Sang sufi hanya tersenyum, ia lalu melepaskan cincin dari salah satu jarinya, dan berkata " Sobat muda, akan ku jawab pertanyaan mu, tetapi terlebih dahulu lakukan satu hal untukku. Ambillah cincin ini dan bawalah ke pasar di seberang sana. Bisakah kau menjualnya seharga satu keping emas?"
Melihat cincin Zun-Nun yang kotor, pemuda tadi merasa ragu, " satu keping emas? saya tidak yakin cincin ini bisa di jual seharga itu."
"Cobalah dulu sobat muda. Siapa tahu kamu berhasil."
Pemuda itu pun bergegas ke pasar. Ia menawarkan cincin itu kepada pedagang ikan, pedagang sayur, penjual daging dan ikan, serta kepada yang lainnya.
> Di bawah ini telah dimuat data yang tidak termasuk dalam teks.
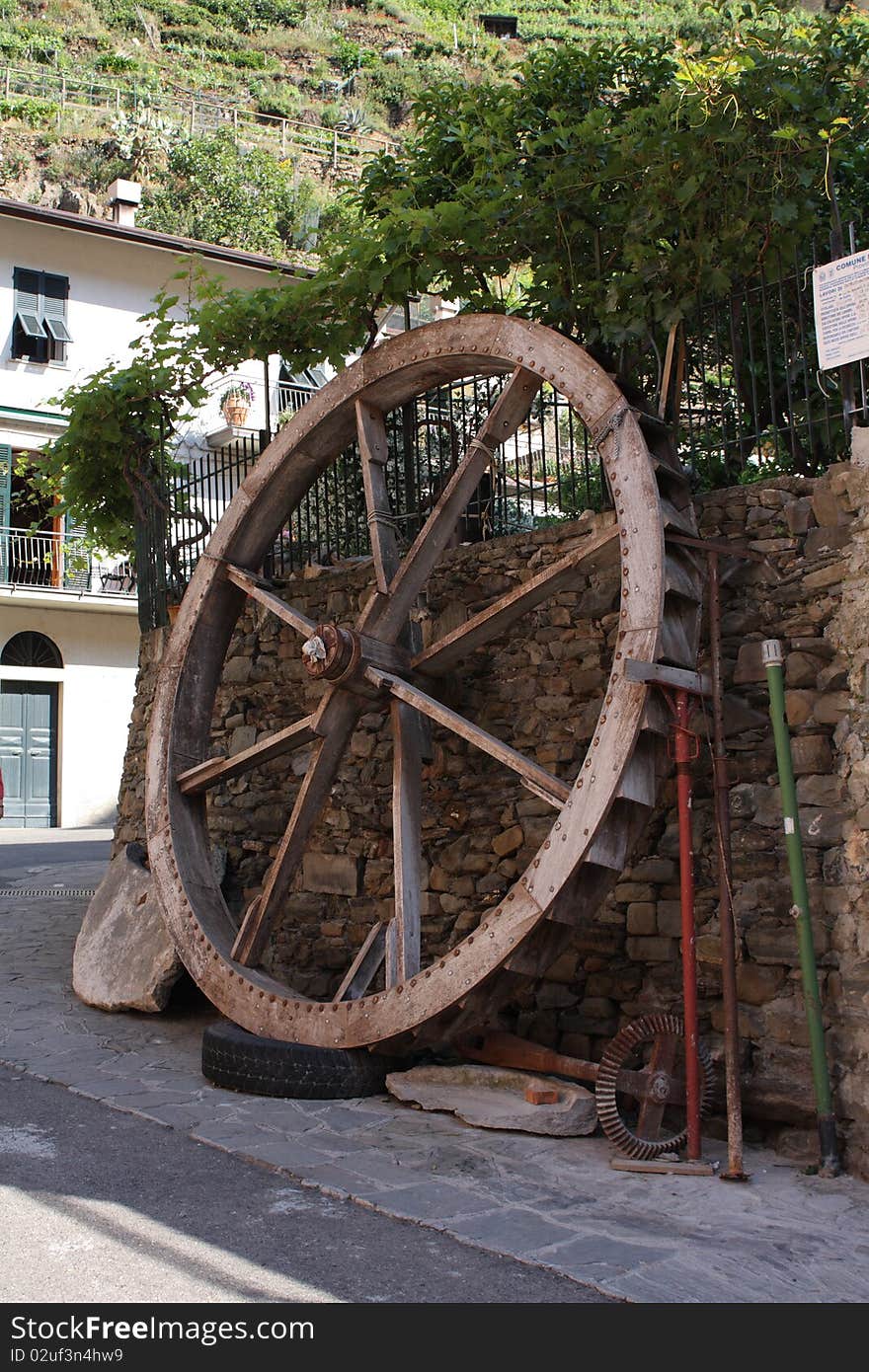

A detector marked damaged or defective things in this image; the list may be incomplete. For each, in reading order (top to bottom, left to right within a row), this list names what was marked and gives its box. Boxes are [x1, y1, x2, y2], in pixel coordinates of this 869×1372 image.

Ternyata tak seorangpun berani membeli seharga satu keping emas. Mereka menawarnya hanya seharga satu keping perak saja. Tentu saja pemuda itu tak berani menjualnya dengan harga satu keping uang perak. Ia pun kembali kepada Zun-Nun dan melapor " Guru, tak seorangpun berani menawar lebih dari satu keping perak."
Zun-Nun sambil tersenyum arif berkata, " Sekarang pergilah kamu ke toko emas di belakang jalan ini. Coba perlihatkan kepada pemilik toko atau tukang emas disana. Jangan buka harga, dengarkan s aja bagaimana ia memberikan penilaian."
Pemuda itu pun pergi ke toko emas yang dimaksud. Ia kembali kepada Zun-Nun dengan raut wajah yang lain. Ia kemudian melapor " Guru, ternyata para pedagang di pasar tidak tahu nilai sesungguhnya dari cincin ini. Pedagang emas menawarnya dengan harga seribu keping emas. Rupanya nilai cincin ini lebih tinggi dari yang ditawar oleh para pedagang di pasar."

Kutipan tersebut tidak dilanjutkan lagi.